→ GIVEN INFORMATION
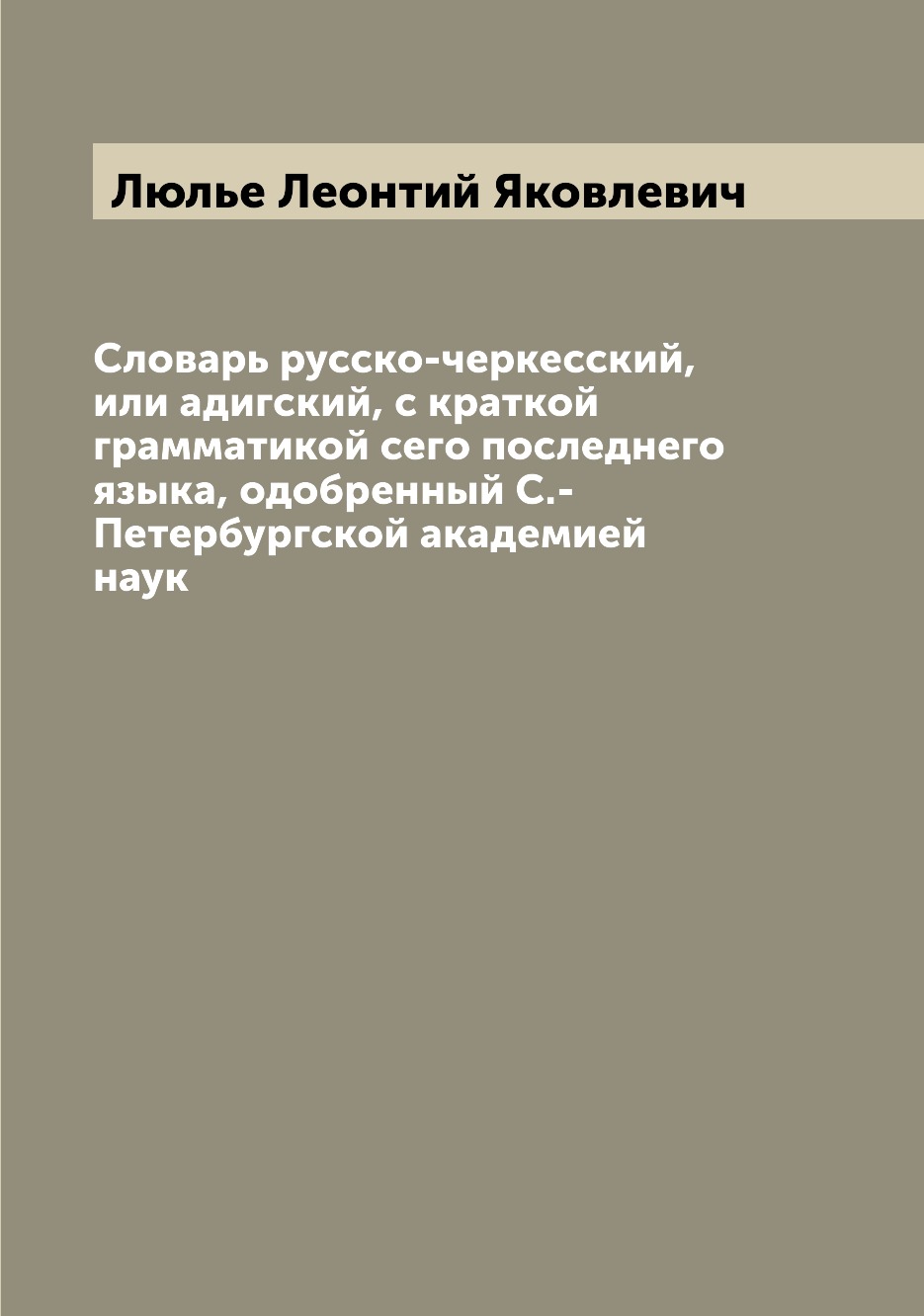 

Словарь русско-черкесский, или адигский, с краткой грамматикой сего последнего яз...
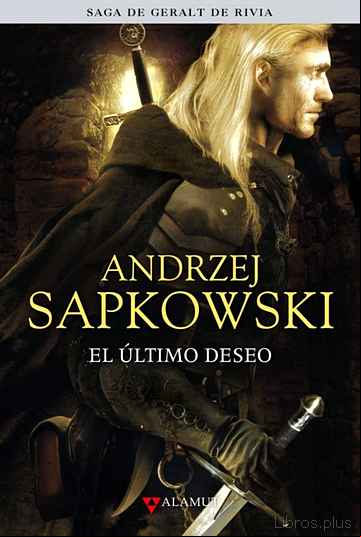 Descargar gratis ebook EL ULTIMO DESEO (SAGA GERALT DE RIVIA 1)(EDICION COLECCIONISTA) en epub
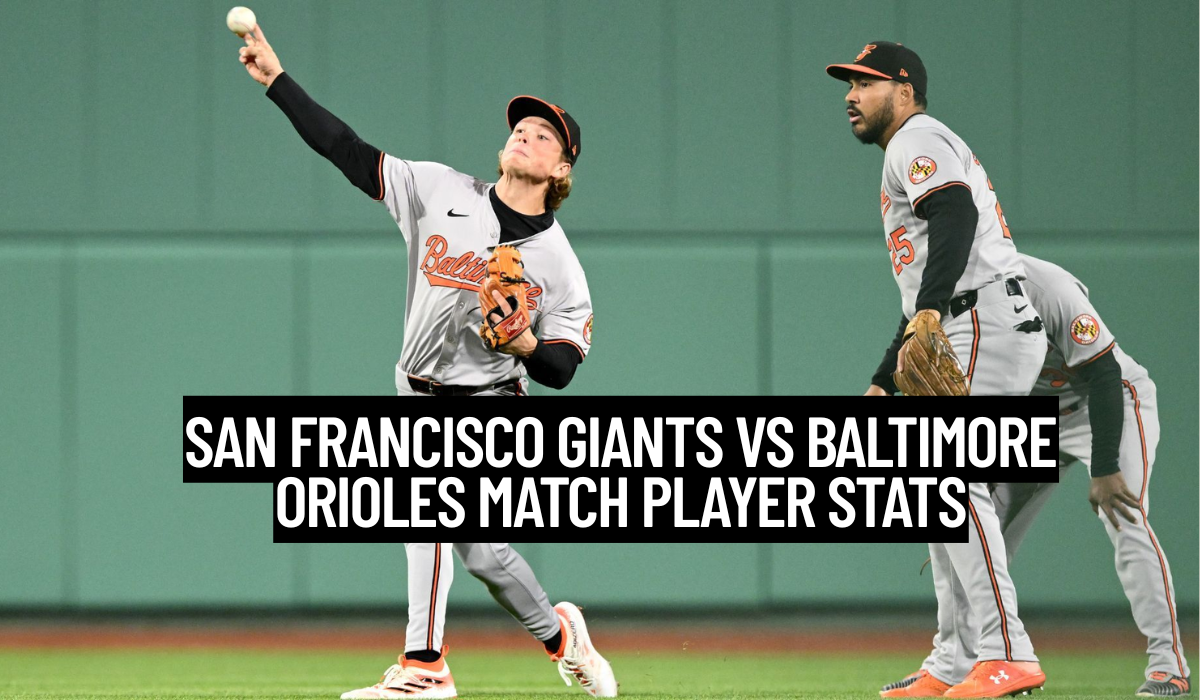 san francisco giants vs baltimore orioles match player stats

→ WHAT TO WORK ON
Could you set down the data exactly as given, minus its pictures?

→ PROBLEM SOLUTION
Словарь русско-черкесский, или адигский, с краткой грамматикой сего последнего яз...
 Descargar gratis ebook EL ULTIMO DESEO (SAGA GERALT DE RIVIA 1)(EDICION COLECCIONISTA) en epub
 san francisco giants vs baltimore orioles match player stats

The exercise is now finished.